The family was religious. Alfred was a Lutheran minister, and they all lived in the parsonage, along with Hertha’s father for a time, who was an organist for the church. It was Ursula’s job to work the pump that gave the air that gave the sound to the pipes of the organ. For Ursula, as a child, that was hard work. You could get tired long before the music was through.

Ursula’s grandfather, Theodor Bruno Waldemar, was proud of her. They would often walk in the town, old grandfather and young granddaughter. When other children saw them walking together, they would sometimes call out, “There comes the old musician, with his daughter, the clarinet.” Grandfather would beam with pride, while Ursula thought altogether differently about the peer recognition.

I speak of these things and these people, because this is life, and they lived it. And they are all children of God, the God of the living.

Yet so much of it happened before my mortal life, before I arrived on earth and my mortal reality began.
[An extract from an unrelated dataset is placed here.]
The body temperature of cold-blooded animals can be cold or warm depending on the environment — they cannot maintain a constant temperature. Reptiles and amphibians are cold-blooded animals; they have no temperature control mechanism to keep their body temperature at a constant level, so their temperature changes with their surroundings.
Did it really happen? How could it be real? Are the people of the past, of long ago and not so long ago, real? I am quite sure that it was and that they are.

One year and a month after the death of Hertha’s husband, Alfred, Germany was at war with nearly all of its neighbors.
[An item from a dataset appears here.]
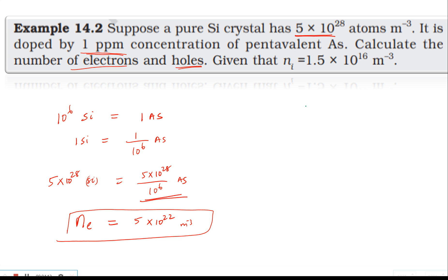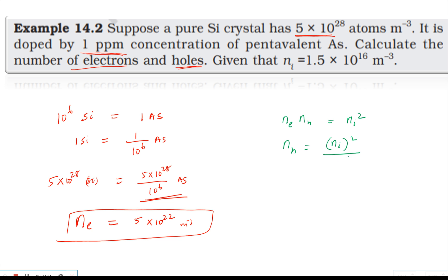Free electron density into hole density is equal to the square of the intrinsic charge density. That's why we rearrange: hole density is equal to intrinsic semiconductor charge density squared, divided by the charge density of electrons.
Hertha’s remaining son, Fritz, was 16 when the war began. Before the war was over he would serve in a tank on the Russian front. Fritz never returned home. He died, in late autumn of 1943, in Ukraine, not far from where there is war again today.

A year later, in November 1944, the old musician, Hertha’s father, died. Of Hertha’s family, she and her two daughters remained. In not many weeks all three would flee for their lives from the Red Army.

The three women, barely fitting on the overcrowded refugee train, could take very little with them. Why did Hertha bring with her the folder containing her family history? With her world crashing down around her, with so many of her family and friends gone, with her homeland behind her and a merciless enemy at her back, why would those records of the dead have any value? Were these people who had gone, children, husband, father, family, real anymore?

Jesus said, “God is not the God of the dead, but of the living.”

Jesus said, “I am the life”.

Hertha and her daughters, Ursula and Christa, found refuge in southern Germany. Though her new home would soon be occupied by another enemy, it was a more merciful one than the communists.

Hertha and both daughters survived the war. The younger one, Christa, married and had children of her own, though she died from an illness in the mid-1960s. The older sister, Ursula, married an American soldier and came to the United States. She brought with her that treasured folder of family history, preserved by Hertha through fire and flame, through tragedy and chaos.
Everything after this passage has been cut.